10 Predictions For 2023

10 Predictions For 2023

Market predictions are silly. We all learned this a long time ago. But that doesn’t mean they’re completely worthless. Even though forecasts are almost always wrong, they can be entertaining and educational. That’s all I’m trying to do with this post. Entertain and educate. Needless to say, but I have to say it anyway, nothing in this list is investment advice. I’m not doing anything with my portfolio based on these predictions, and neither should you.

Here is my list from a year ago. I got some right and a lot wrong, which is hardly a surprise. I expect my predictions to have a terrible track record, and that’s why I try to ride the market rather than outsmart it. So why am I doing this? Well, it’s fun to look back on what you thought was possible a year ago. When you see that you were so off on some things, it reminds you just how difficult it is to predict the future. I also learn a lot by doing this. I uncovered some things that I didn’t know or forgot I knew. So with that, these are my ten predictions for 2023.

  • Bonds hold their own as a diversifying asset
  • Tech continues its layoffs
  • Jeff Bezos returns to Amazon
  • The IPO market remains frozen
  • Value Outperforms Growth Again
  • Gold makes a new all-time high
  • The Housing Market Doesn’t Crash
  • International Stocks Outperform
  • Crypto goes nowhere
  • Energy stocks continue to outperform
  • Bonus.

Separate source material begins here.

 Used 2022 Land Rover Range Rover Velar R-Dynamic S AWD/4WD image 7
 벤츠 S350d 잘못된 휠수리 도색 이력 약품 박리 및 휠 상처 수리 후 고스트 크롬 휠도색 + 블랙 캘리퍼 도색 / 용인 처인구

The market avoids a recession, and stocks gain double digits.

Bonds hold their own as a diversifying asset.

I’m usually of the opinion that even if you were given the news in advance, you wouldn’t know how the market would react. 2022 was the exception. If you knew ahead of time that inflation would do what it did, and that the Fed would raise rates seven times to combat it, you would have gotten a lot of things right.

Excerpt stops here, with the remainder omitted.